U.S. Pat. No. 5,804,963 discloses an inductive position sensor including the above-described features. The position of the cursor relative to the scale along the path is derived from the measurement of the coupling between inducing and induced cursor conductors via the scale conductors. The magnetic fields generated and picked up by the cursor and scale conductors of such a sensor have a polarity reversal every pitch T along the measuring path. This sensor is insensitive to magnetic fields of homogeneous intensity and direction, such as generated by sources outside the sensor, the current they induce in two alternating hairpin turns being nil.
In a first embodiment disclosed in said patent, the cursor conductors are separated, strongly attenuating direct coupling between inducing and induced cursor conductors.
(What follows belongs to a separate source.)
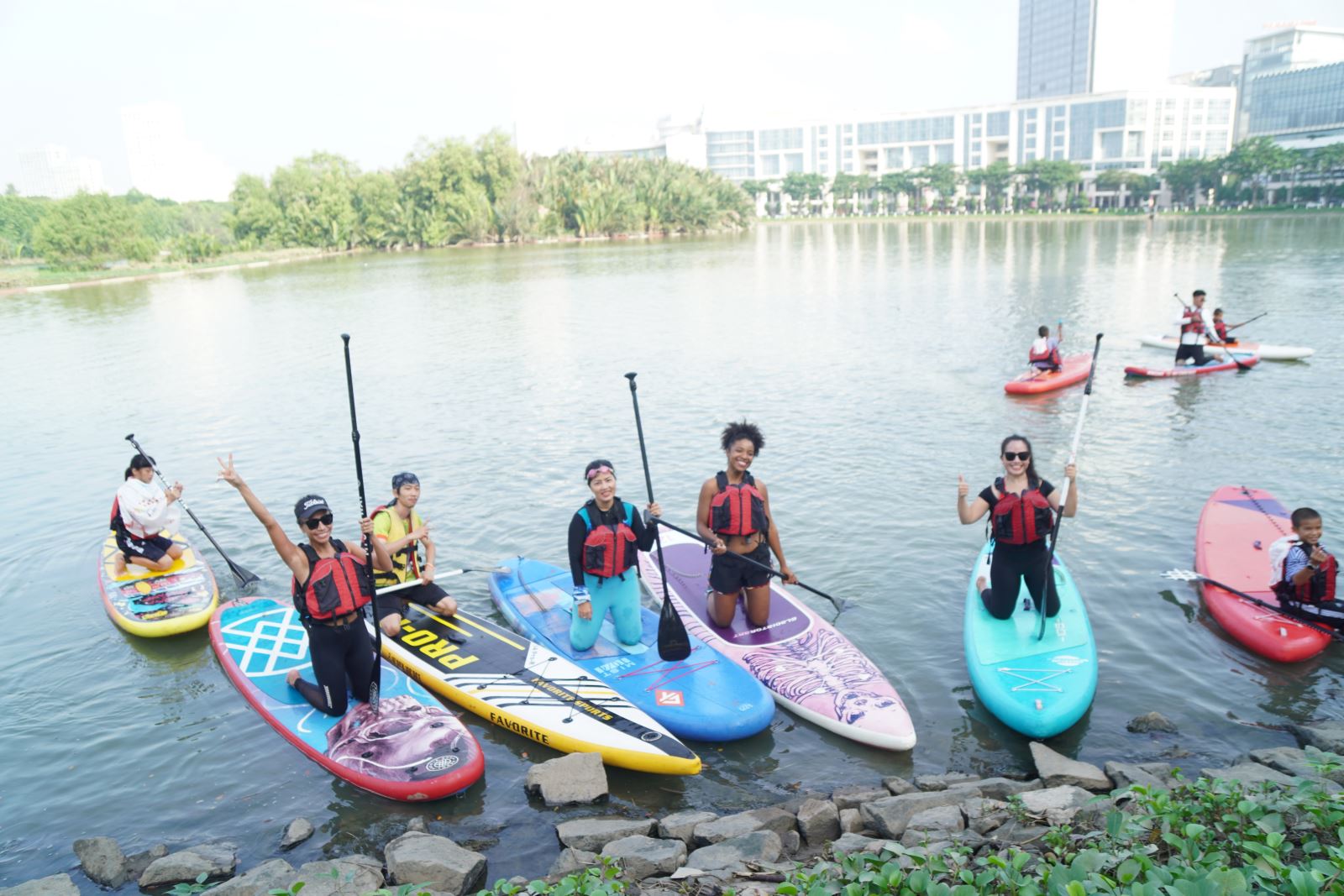 Du khách thích thú trải nghiệm tour nội địa tại TP Hồ Chí Minh. Ảnh: Hoàng Tuyết/Báo Tin tức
But, as each conductor only faces a fraction of the scale surface facing the cursor, coupling between inducing and induced cursor conductors via the scale conductors is also reduced. Moreover, misalignment between scale and cursor gives rise to uneven coupling, altering measurements.
In a second embodiment disclosed in said patent, the cursor conductors are all interlaced: as each conductor faces the whole scale surface across the cursor, coupling between inducing and induced cursor conductors via the scale conductors reaches its maximum level. Misalignment between scale and cursor affects measurement only slightly, as it tends to affect all couplings the same way. But direct coupling between cursor conductors is important and leads to measurement errors getting larger with decreasing coupling via the scale, i.e. with increasing scale-to-cursor gap.
In order to increase measurement accuracy and to make it independent from said gap, direct coupling should be made negligible as compared to coupling via the scale, and the latter should remain unaffected by misalignment between cursor and scale.